Corks lend a fanciful touch to the ceremony of cracking a special bottle – a sense that we’re about to celebrate something – that screw-on caps just can’t emulate. We sniff our corks, we admire their calligraphy, we hoard them. Have you ever met anyone who hoards screw-on caps? I think not.
Corks (the real kind, not those annoying, synthetic polyethylene things) are made from the light, tough outer layer of bark of the cork oak tree, a.k.a. Quercus suber – not to be confused with the cork tree, which also sports a corky bark but isn’t used for making wine corks. The cork oak is considered sustainable because it can be harvested without cutting down the tree; once the tree reaches 25 to 30 years old the bark is stripped and the tree lives on. Every seven or nine years (depending on whom you ask), the tree is ready to be stripped again; it’s the second stripping that produces the best wine corks.
[A guide explaining the cork oak tree on the grounds of SIMI Winery in Healdsburg, California.]

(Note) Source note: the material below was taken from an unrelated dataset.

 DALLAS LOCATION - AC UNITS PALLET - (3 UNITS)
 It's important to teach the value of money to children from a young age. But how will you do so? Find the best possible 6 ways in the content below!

Cork oaks, which live an average of 200 years, grow in half a dozen countries, but most corks are produced in Portugal – where the higher-quality corks are sourced – and Spain. And here’s something to remember when you dream of opening your own winery: the finest corks can cost bottlers as much as 1 Euro each, or at today’s conversion rate, about $1.17.

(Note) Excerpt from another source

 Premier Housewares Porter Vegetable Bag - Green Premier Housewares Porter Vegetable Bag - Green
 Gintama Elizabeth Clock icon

Harvesting cork is a delicate operation. Workers called “extractors” use a sharp axe to make two cuts: one horizontal slice around the tree, called a crown or necklace, and several vertical cuts called rulers or openings. Then they push the axe handle into the ruler – gently, to avoid damaging the tree – and peel off large sections of cork called planks.
Cork is a remarkable substance: its tiny air pockets make it buoyant, about four times lighter than water. It’s fire resistant (which is why it’s used in making home insulation) and forms a watertight seal in the neck of a wine bottle. Yet it permits a tiny bit of oxygen into the bottle, about one milligram of oxygen each year, enabling the wine’s flavor and aroma to evolve over time.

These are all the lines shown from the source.